US Military Leaders to Focus on Islamic State in Strategy Testimony

President Barack Obama’s strategy for combating Islamic State militants will likely be a major focus Wednesday as his defense secretary and the head of the Joint Chiefs of Staff go before a panel of lawmakers in Washington to discuss the situation in the Middle East.

Defense chief Ash Carter and Joint Chiefs Chairman General Martin Dempsey are scheduled to testify at a hearing of the House Armed Services Committee a week after Obama announced plans to send more U.S. forces to advise and assist Iraqi troops.

The 450 troops will be based in Anbar province as part of an effort to bolster an Iraqi push to retake the provincial capital of Ramadi and other areas from the Islamic State group.

The president has resisted critics’ calls to add U.S. ground forces to the fight, relying instead on a campaign of more than 4,500 airstrikes against Islamic State targets in Iraq and Syria during the past 10 months.

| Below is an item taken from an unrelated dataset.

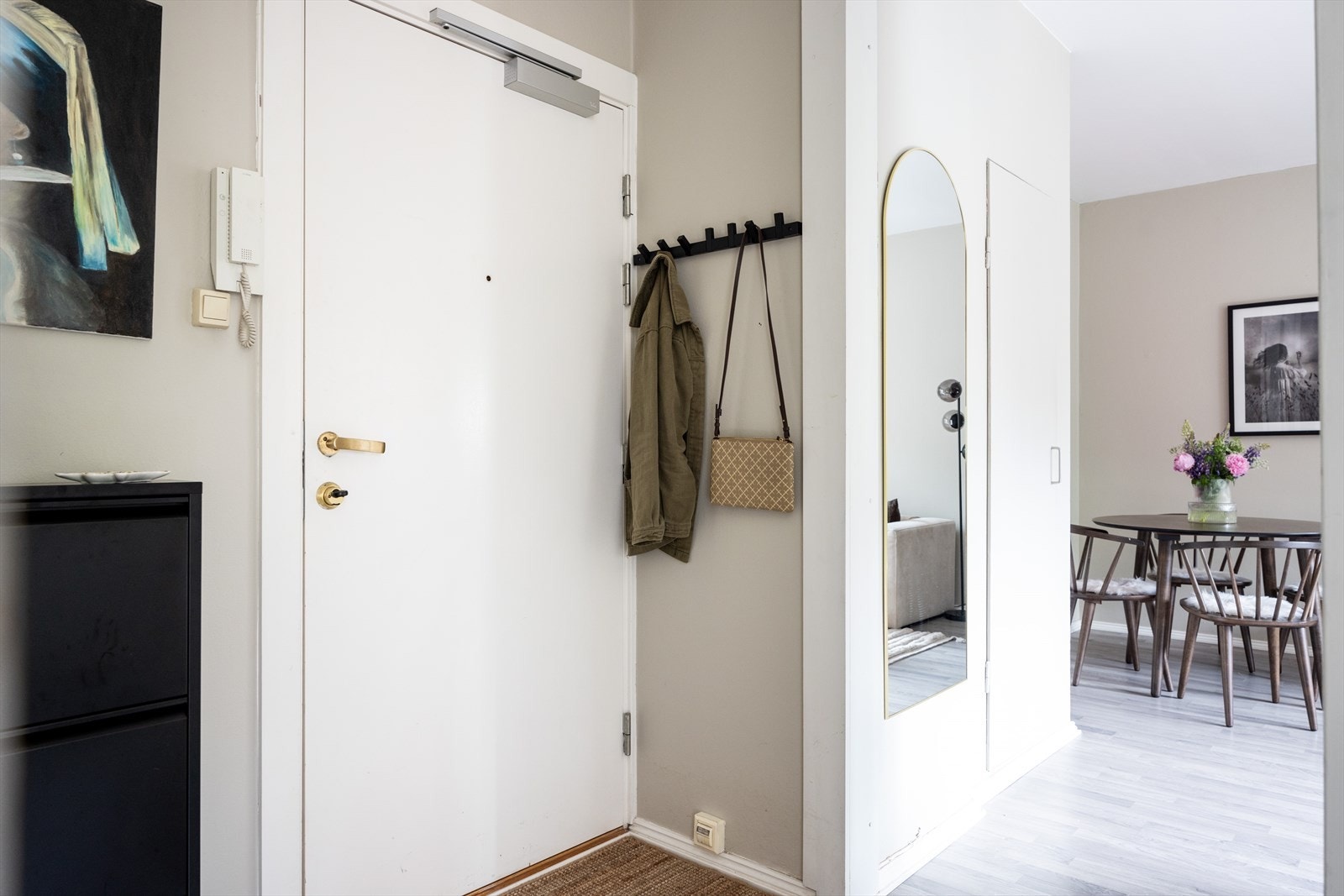 Leiligheten har en lys entré med plass til oppbevaring av yttertøy og sko. Velkommen inn! Galleribilde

The Pentagon, in its latest report of coalition airstrikes, said Tuesday that warplanes targeted Tal Abyad in northern Syria where Kurdish forces claimed full control after launching an offensive last week to capture the key border town from Islamic State fighters.

Taking Tal Abyad cuts off what is believed to be an entry point for new militants and supplies from Turkey on a route that links with the de facto Islamic State capital of Raqqa.

The Pentagon said the town remained contested, but that anti-Islamic State forces were “on the verge” of closing the border crossing.